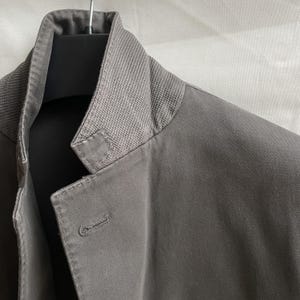 May include: Close-up of a gray jacket with a textured collar. The jacket has a single button closure and is hanging on a black hanger. The fabric appears to be a medium-weight material.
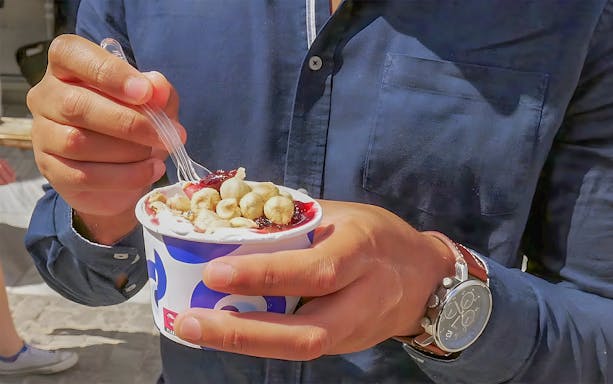 Man enjoying yogurt with toppings during Athens Old Town Food Experience.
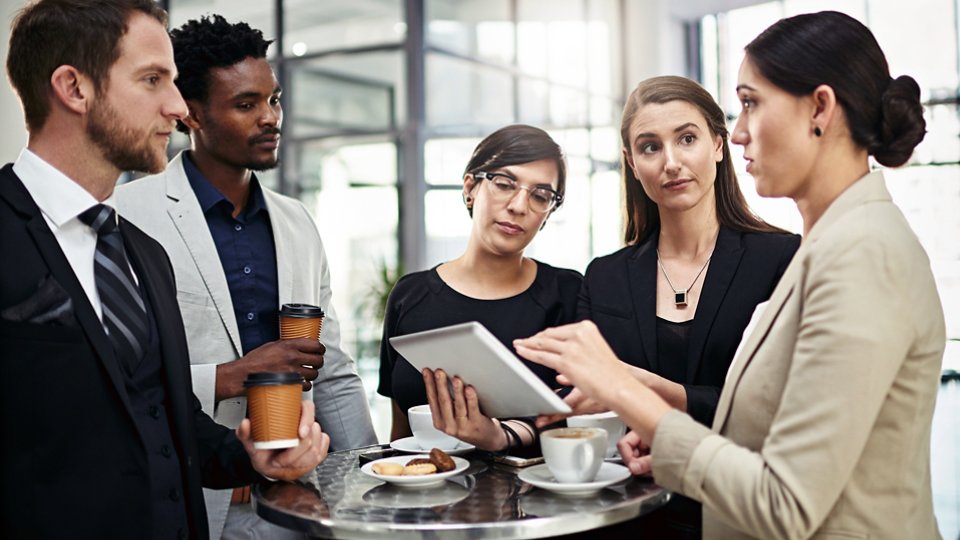 Business, people and communication with tablet in office for collaboration or partnership on company project for growth strategy. Team, diversity and digital technology for daily feedback or review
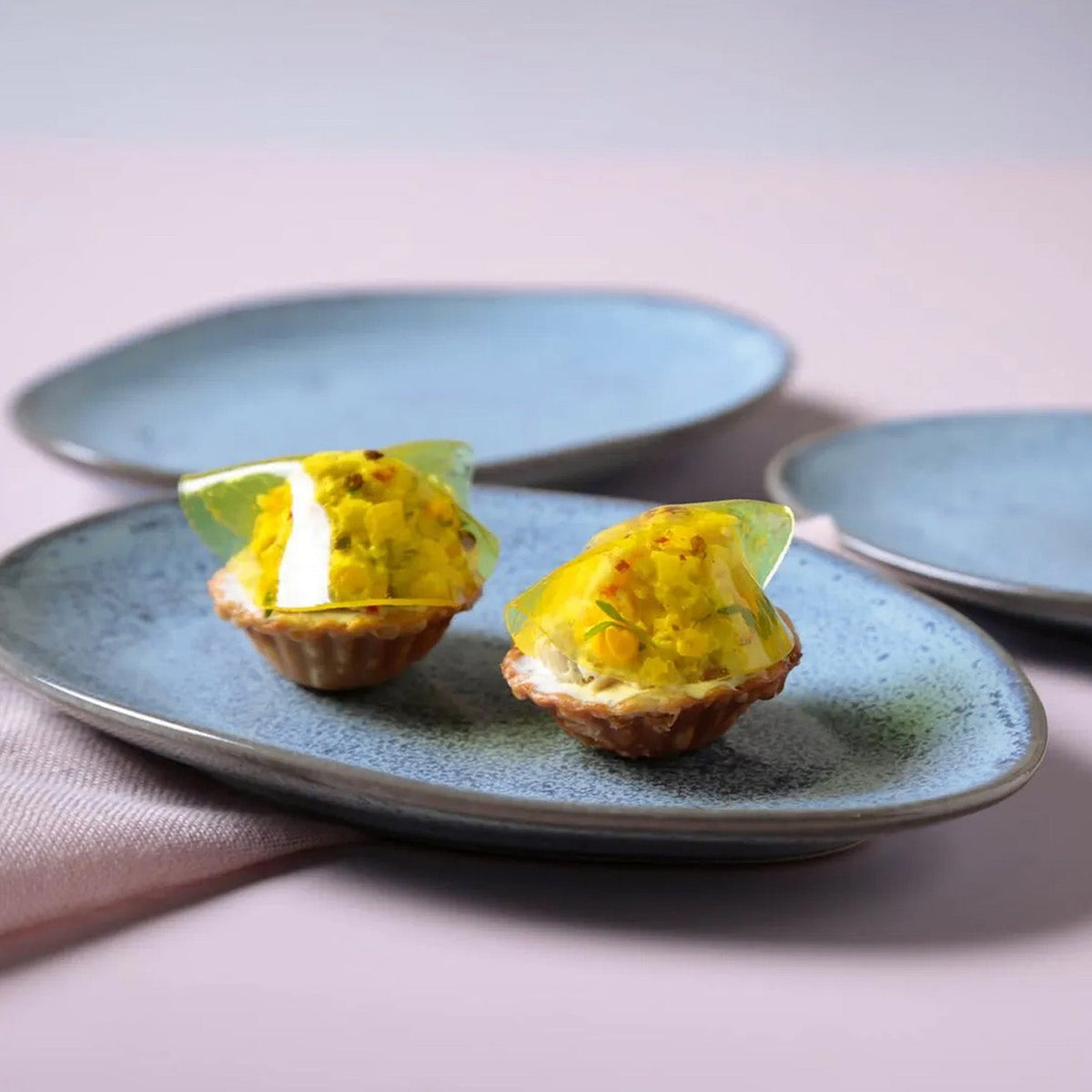Two small appetizers on a blue plate with a blurred background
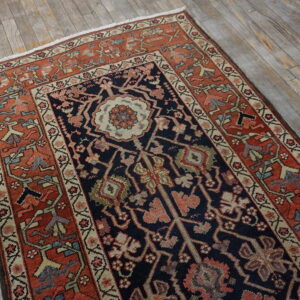 Navy and rust patterned runner rug featuring a central medallion lies on aged, gray wooden planks.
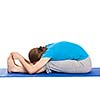 Yoga - young beautiful slender woman yoga instructor doing Seated Forward Bend or Intense Dorsal Stretch pose asana (Paschimottanasana) exercise isolated on white background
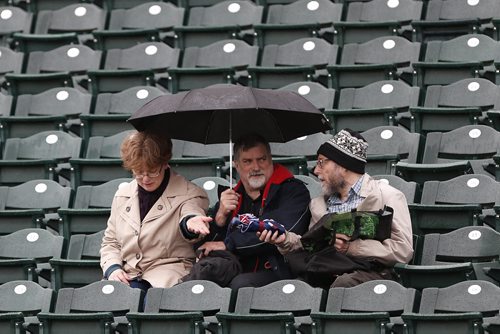 JOHN WOODS / WINNIPEG FREE PRESS Bev Phillips, Dave Barber and Howard Curl wonder if the game between the Winnipeg Goldeyes and Sioux Falls Canaries will be called off due to rain in Winnipeg Tuesday, May 31, 2016.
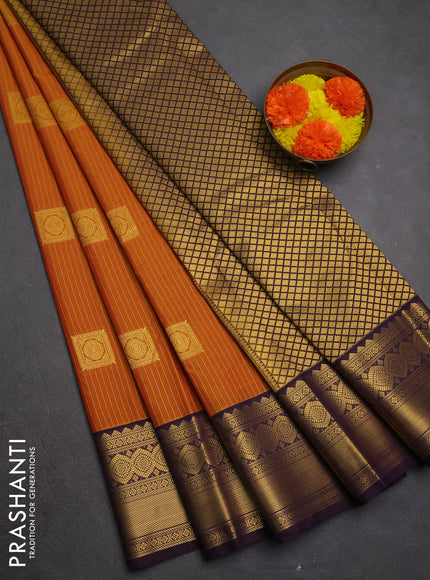 Semi kanchipuram silk saree rust shade and deep purple with allover zari weaves & buttas and zari woven border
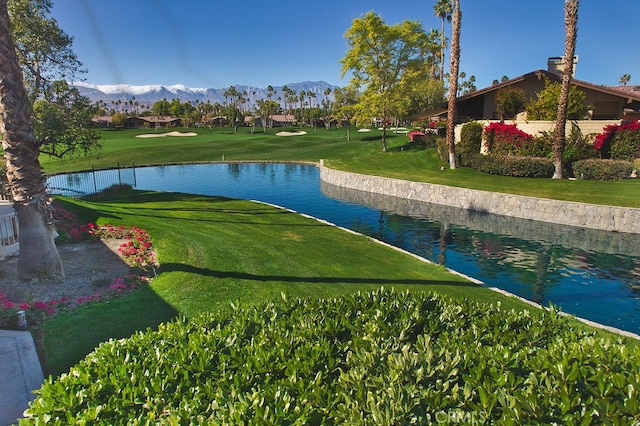 view of community featuring a water and mountain view and a lawn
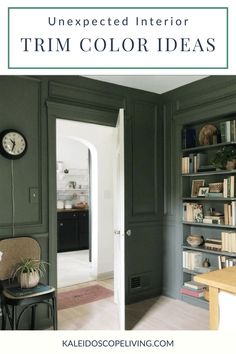 a living room with green walls and a clock on the wall in front of it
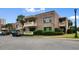 Brick condo building with small second-story balconies and golf cart parking at 10100 Lakeshore Dr. # C-1, Myrtle Beach, SC 29572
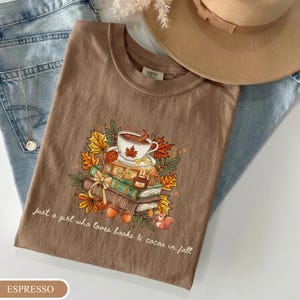 May include: A brown t-shirt featuring a graphic of a stack of books, a cup of cocoa, and autumn leaves. The text reads, "just a girl who loves books & cocoa in fall." The shirt is layered over light blue denim fabric and a tan wide-brimmed hat.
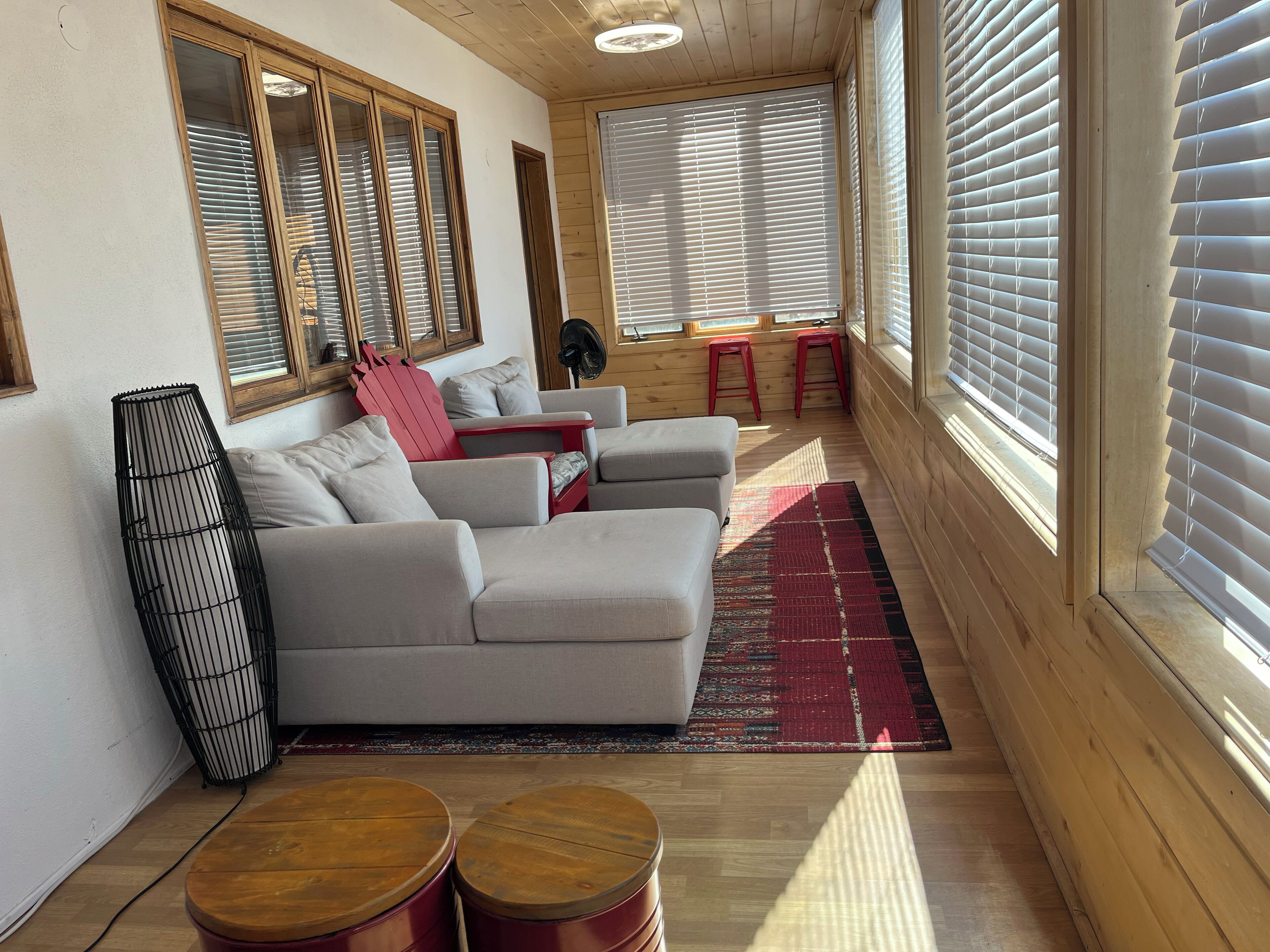 A cozy living room with a sectional sofa, a red chair, two wooden stools, a black floor lamp, and a large window with blinds.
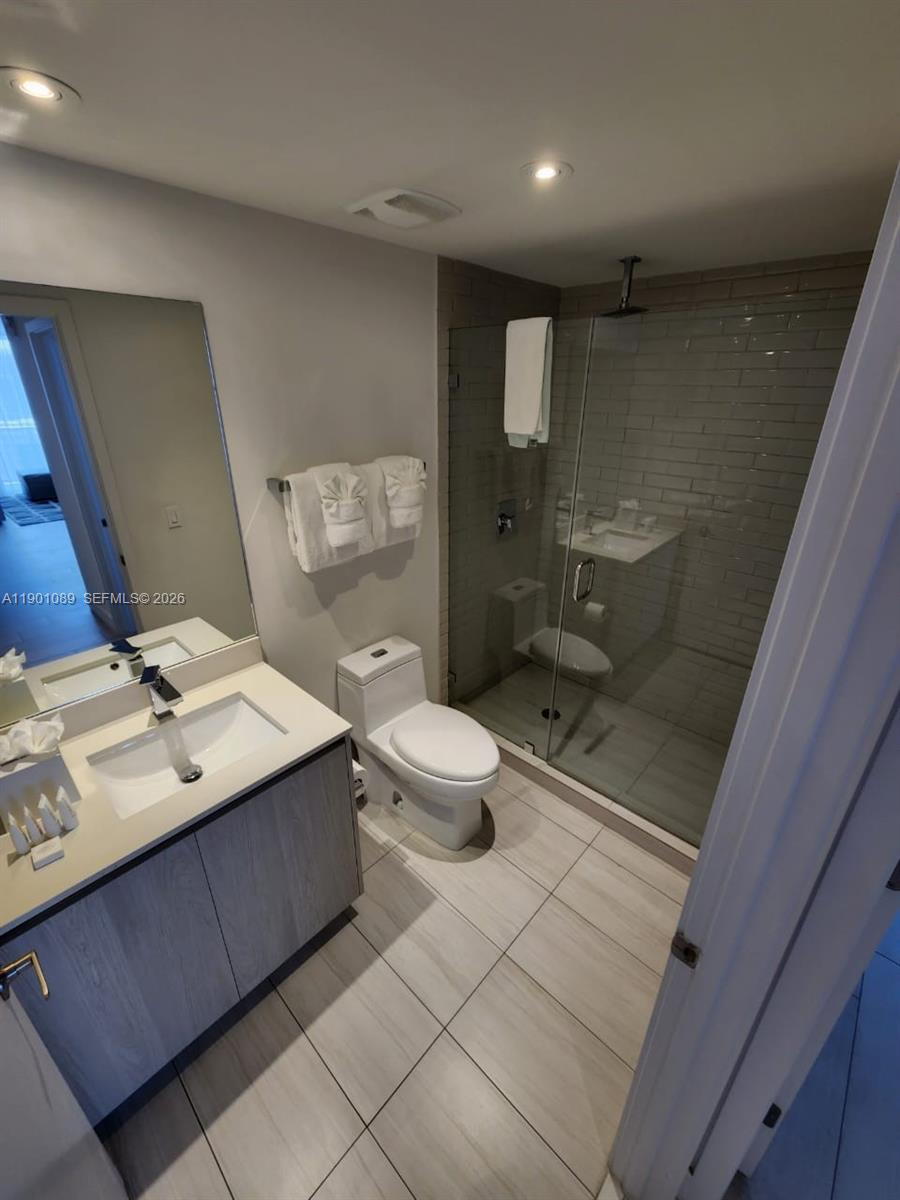 4010 South Ocean Drive, Unit R1709 Hollywood, FL 33019 - Photo 10 of 16 a bathroom with a double vanity sink toilet mirror and shower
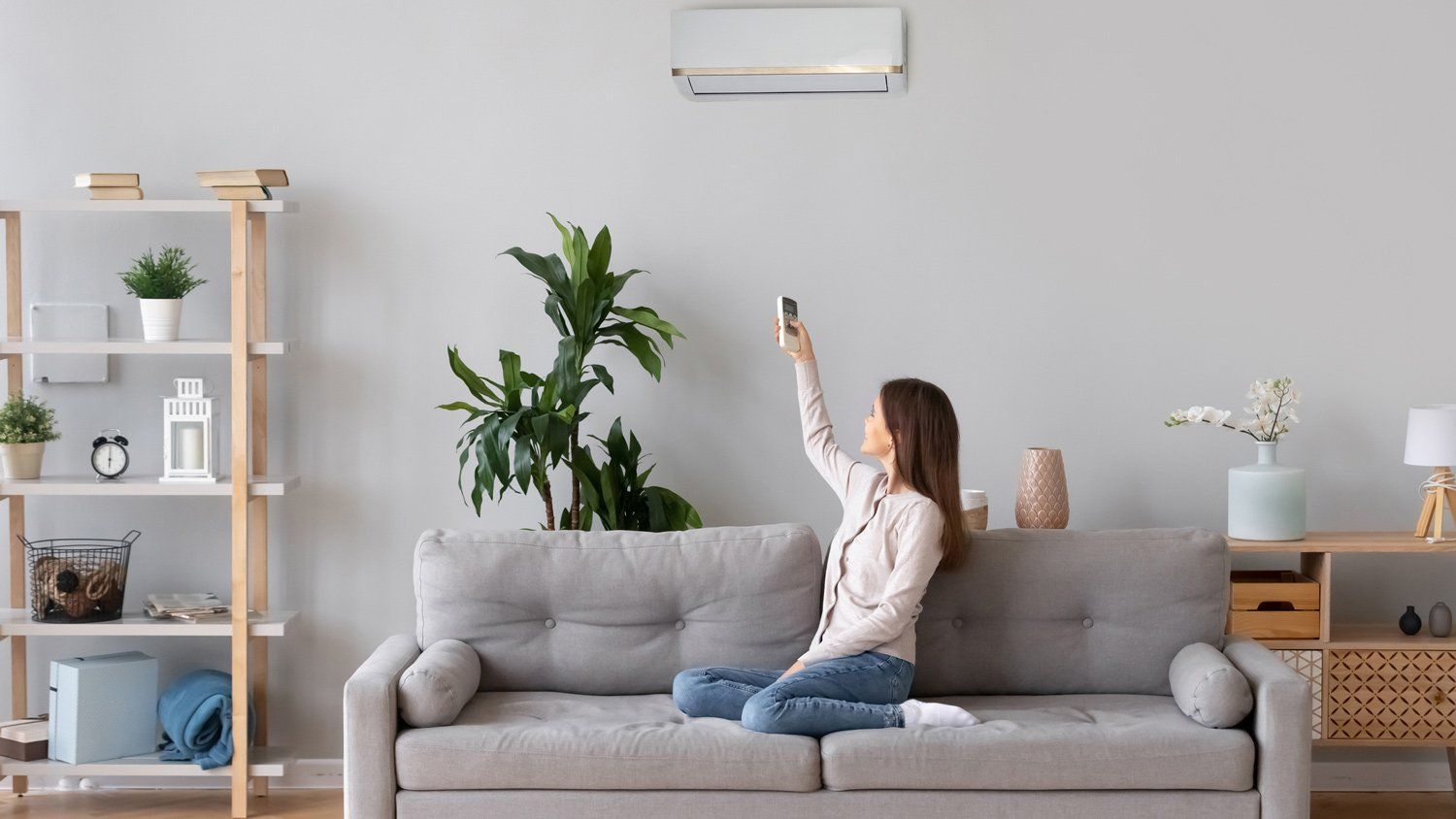 Lady Adjusting Air Conditioning — Napa, CA — CSA Roofing, Heating & Air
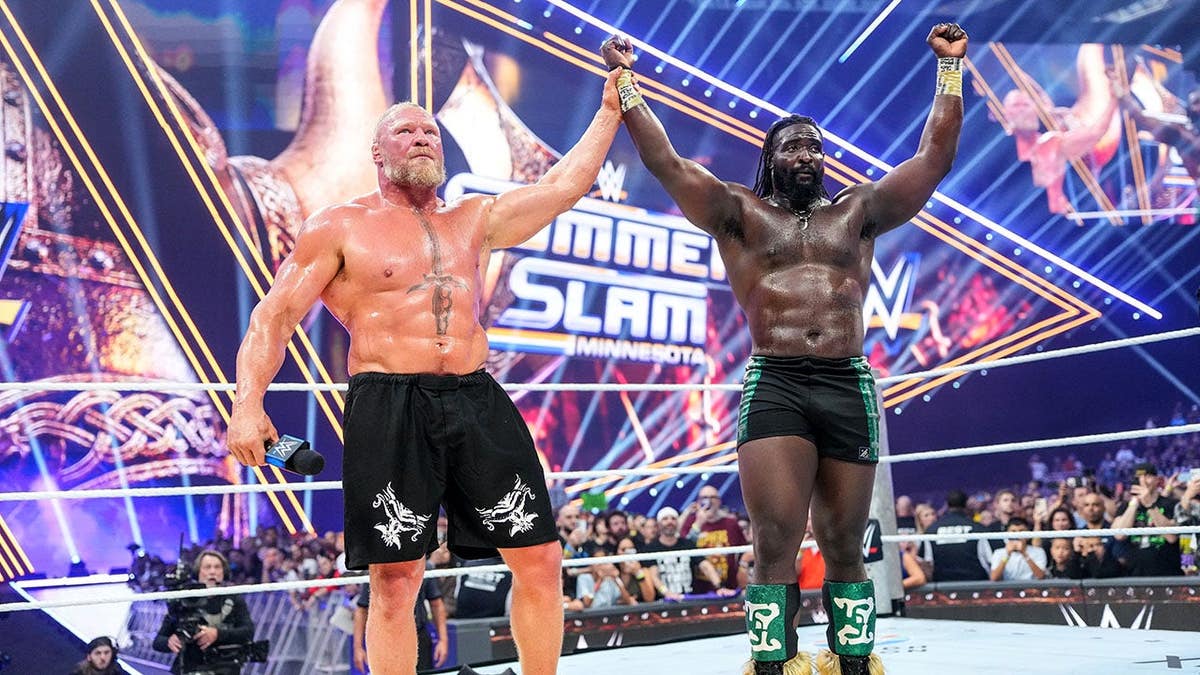 Brock Lesnar raises Oba Femi's hand at U.S. Bank Stadium.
--------------------
## WORK INSTRUCTIONS
Please give back an exact copy of the entries above from their first line through the line containing "Man enjoying yogurt", leaving the pictures aside.

## OUTPUT BELOW
 May include: Close-up of a gray jacket with a textured collar. The jacket has a single button closure and is hanging on a black hanger. The fabric appears to be a medium-weight material.
 Man enjoying yogurt with toppings during Athens Old Town Food Experience.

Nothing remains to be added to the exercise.